#### Exercise aim
Given the listing below, write out exactly the lines starting with the line that has "Cartable The Paw" and going on through the line that has "De Diamanten van de winter Feestdagen Kaart", both kept.

#### Material for the task
* * * * * * * * *

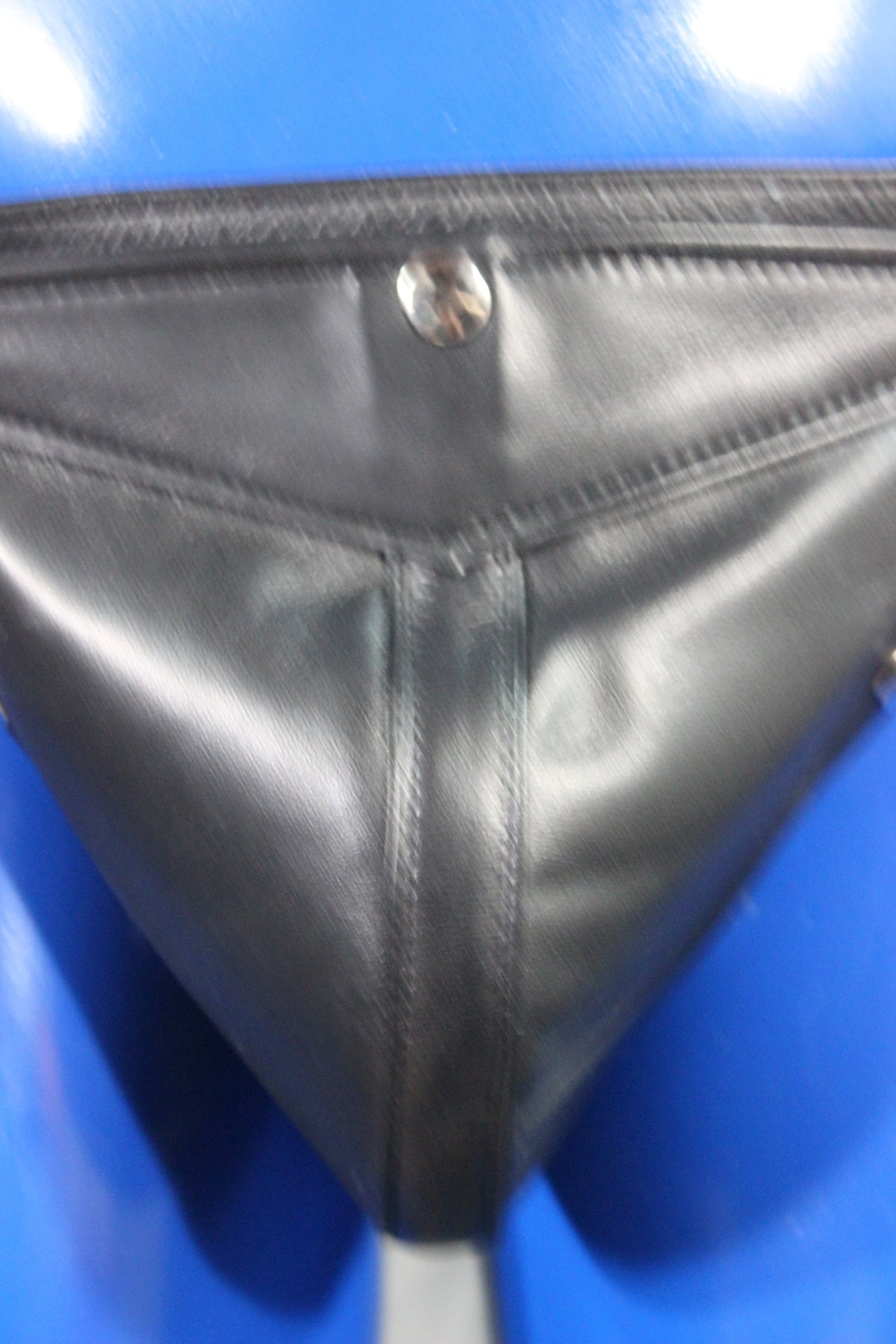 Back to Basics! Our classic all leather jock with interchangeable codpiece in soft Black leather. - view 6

* * * * * * * * *

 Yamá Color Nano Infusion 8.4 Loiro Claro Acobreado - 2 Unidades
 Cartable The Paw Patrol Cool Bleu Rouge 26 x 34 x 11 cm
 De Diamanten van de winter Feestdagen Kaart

* * * * * * * * *

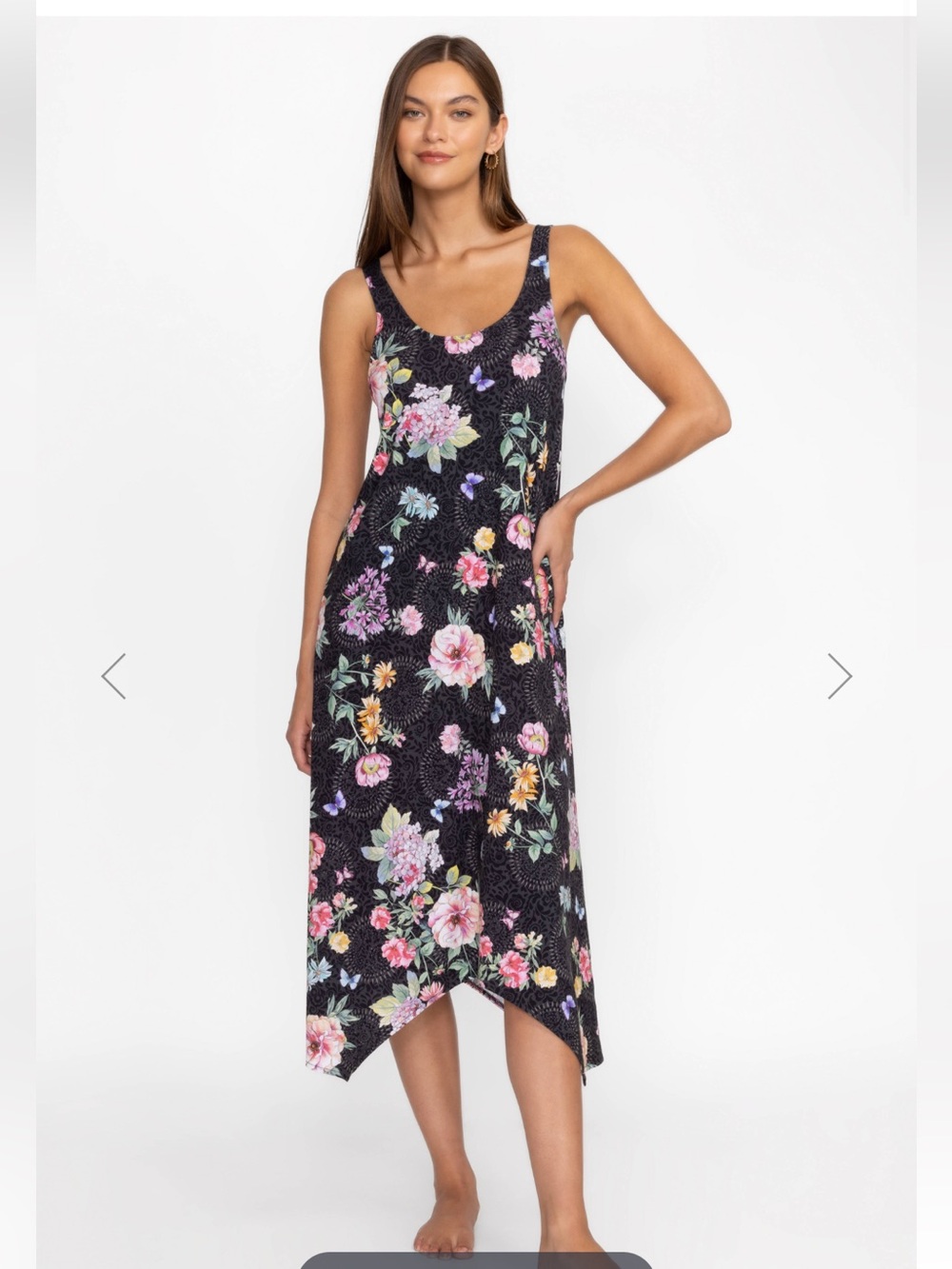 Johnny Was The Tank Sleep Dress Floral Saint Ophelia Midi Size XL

* * * * * * * * *

#### Exercise answer
 Cartable The Paw Patrol Cool Bleu Rouge 26 x 34 x 11 cm
 De Diamanten van de winter Feestdagen Kaart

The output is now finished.